═════ Input records ═════
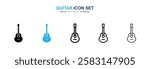 Guitar icons vector collection in black and blue colors on white background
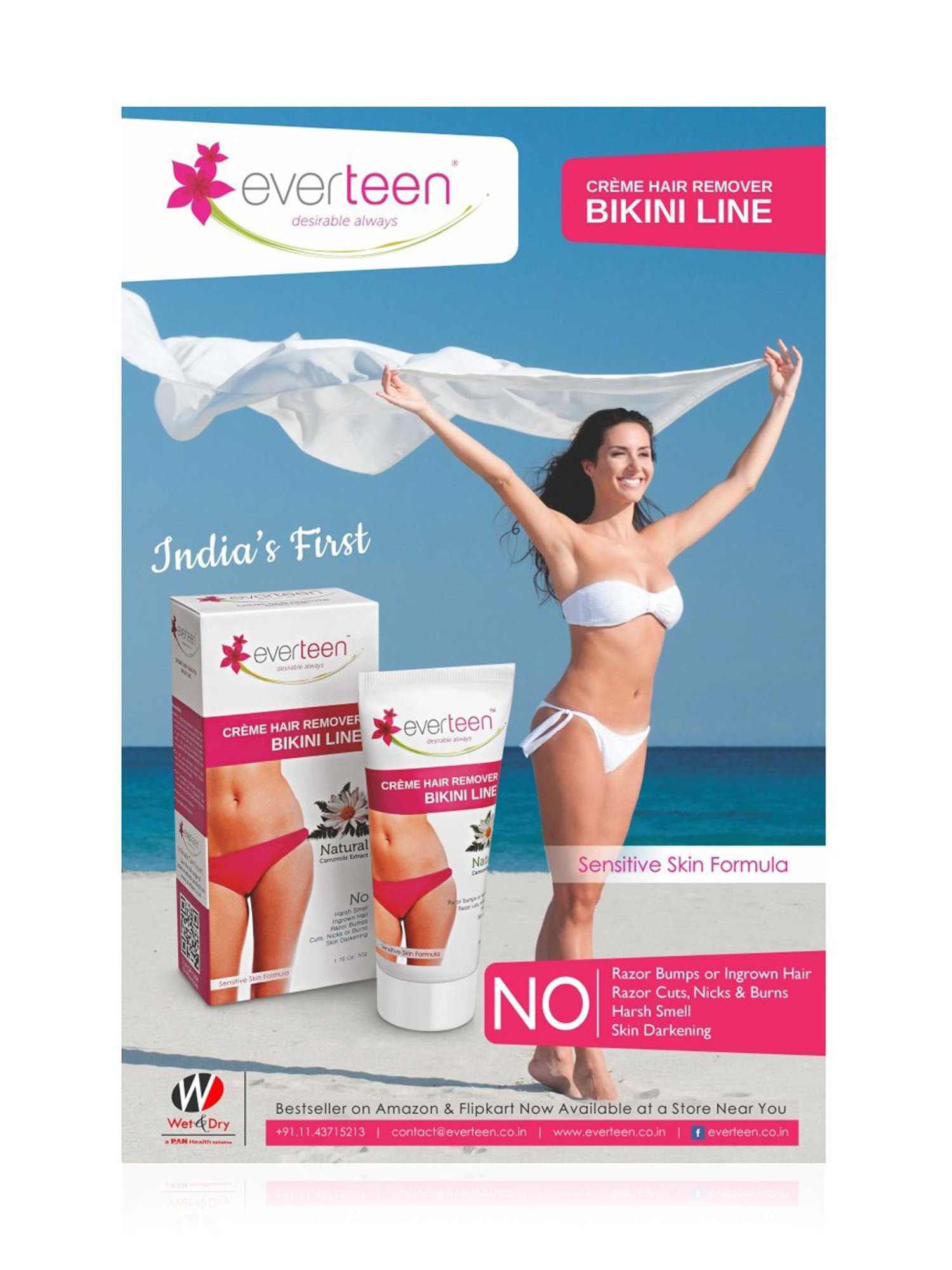 everteen Bikini Line Hair Remover Creme - Natural for Women - 1 Pack - 100 gm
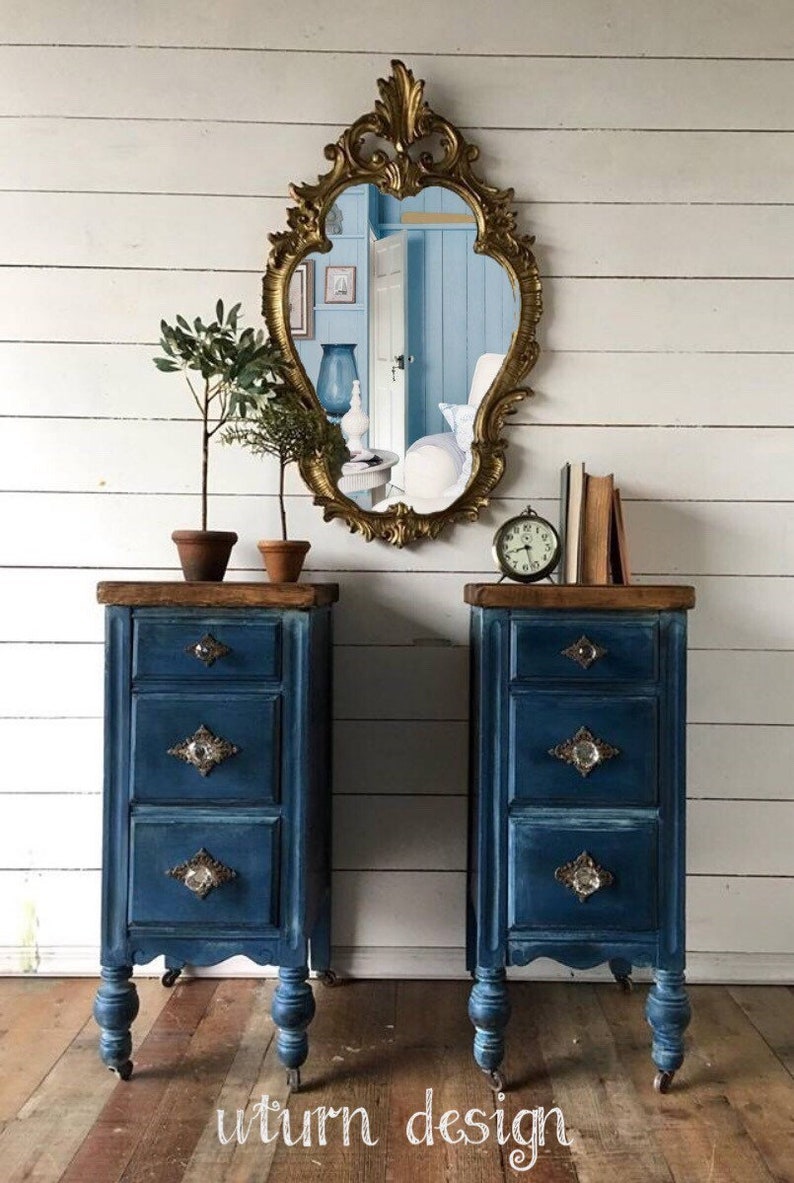 Sold Sold Dark blue painted nightstands navy side | Etsy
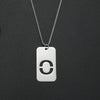 Wholesale Necklace Titanium Steel Hollow Military Plate With Letters Numbers Text Pattern Polishing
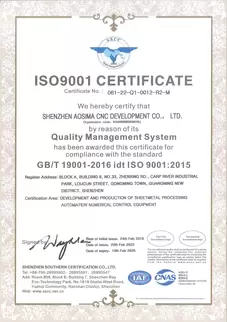 Osm ISO 9001 English Version Quality Management System Certification Certificate Actual Photo: Internationally recognized certification, demonstrating Osma's brand strength in quality management standardization and global market compliance in the high-end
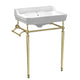 Whitehaus WHV024-L33-1H-B Victoriahaus 23-1/2" Single Hole Console Bathroom Sink - White/Polished Brass
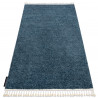 Alfombra BERBER 9000 azul Franjas Bereber Marroquí Shaggy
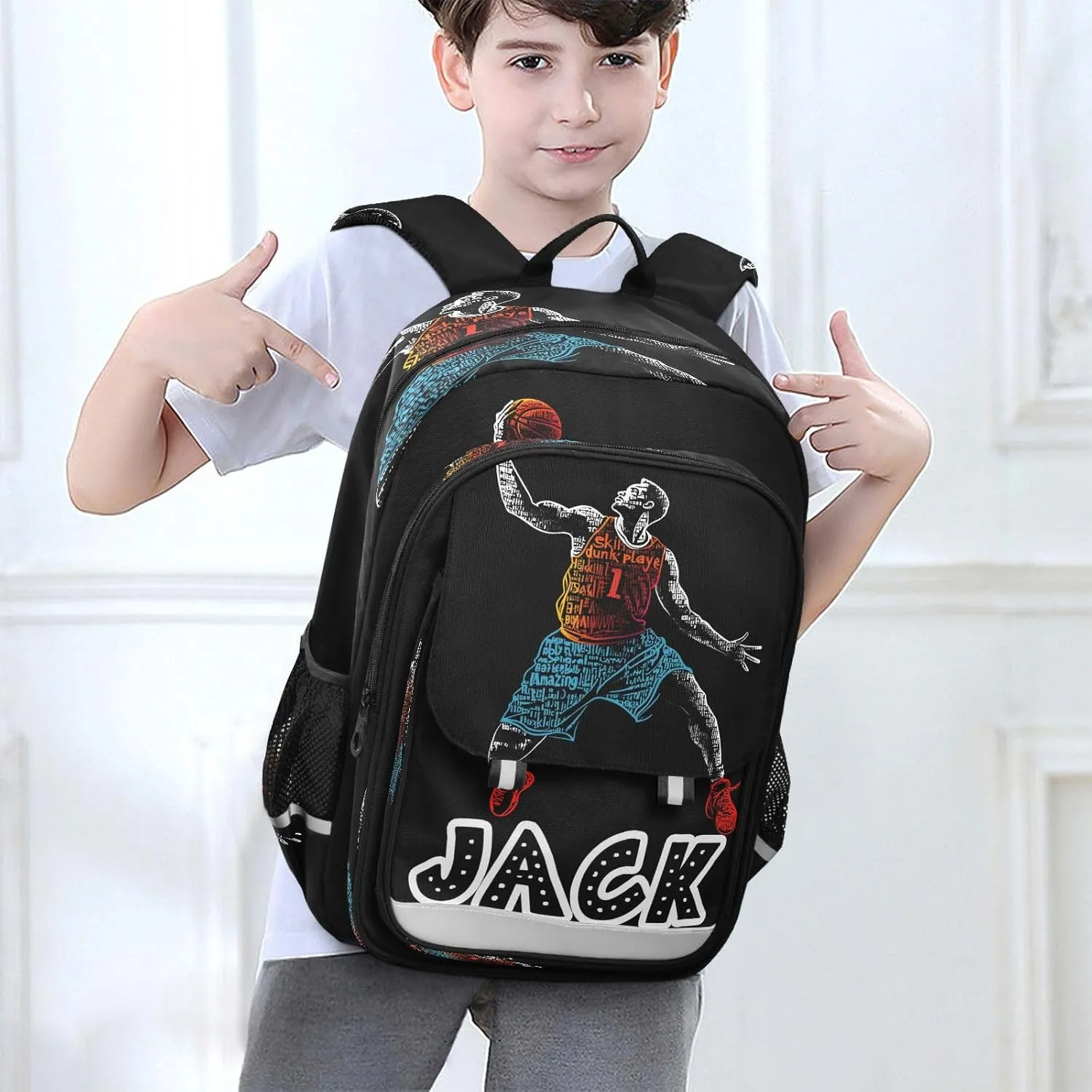 Custom Backpack for Girls Boys School Basketball Black Personalized Middle Bookbag Elementary Back Pack Primary Schoolbag for Kids Travel Teens Students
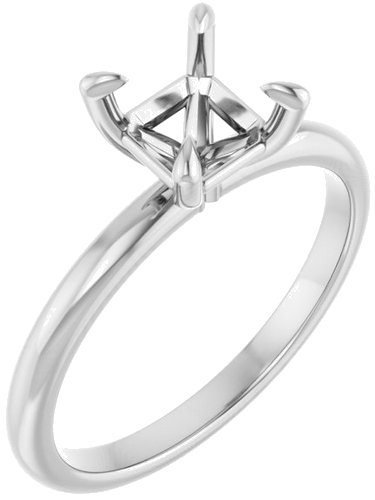 14K White  6x6 mm Asscher Solitaire Engagement Ring Mounting (1)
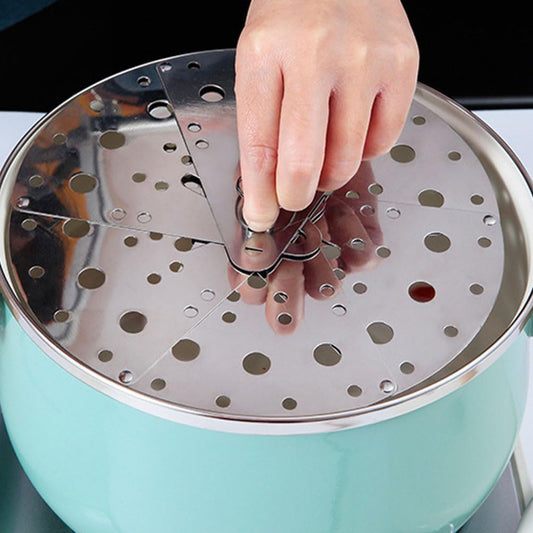 Adjustable Stainless Steel Spill Stopper Lid Cover - Anti-Spill, Anti-Fade, Space-Saving, Fits Various Pots, 8.85 Inch, Silver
═════
> What the task asks
The whole listing should be reproduced exactly. Images don't go in.

> Written answer
 Guitar icons vector collection in black and blue colors on white background
 everteen Bikini Line Hair Remover Creme - Natural for Women - 1 Pack - 100 gm
 Sold Sold Dark blue painted nightstands navy side | Etsy
 Wholesale Necklace Titanium Steel Hollow Military Plate With Letters Numbers Text Pattern Polishing
 Osm ISO 9001 English Version Quality Management System Certification Certificate Actual Photo: Internationally recognized certification, demonstrating Osma's brand strength in quality management standardization and global market compliance in the high-end
 Whitehaus WHV024-L33-1H-B Victoriahaus 23-1/2" Single Hole Console Bathroom Sink - White/Polished Brass
 Alfombra BERBER 9000 azul Franjas Bereber Marroquí Shaggy
 Custom Backpack for Girls Boys School Basketball Black Personalized Middle Bookbag Elementary Back Pack Primary Schoolbag for Kids Travel Teens Students
 14K White  6x6 mm Asscher Solitaire Engagement Ring Mounting (1)
 Adjustable Stainless Steel Spill Stopper Lid Cover - Anti-Spill, Anti-Fade, Space-Saving, Fits Various Pots, 8.85 Inch, Silver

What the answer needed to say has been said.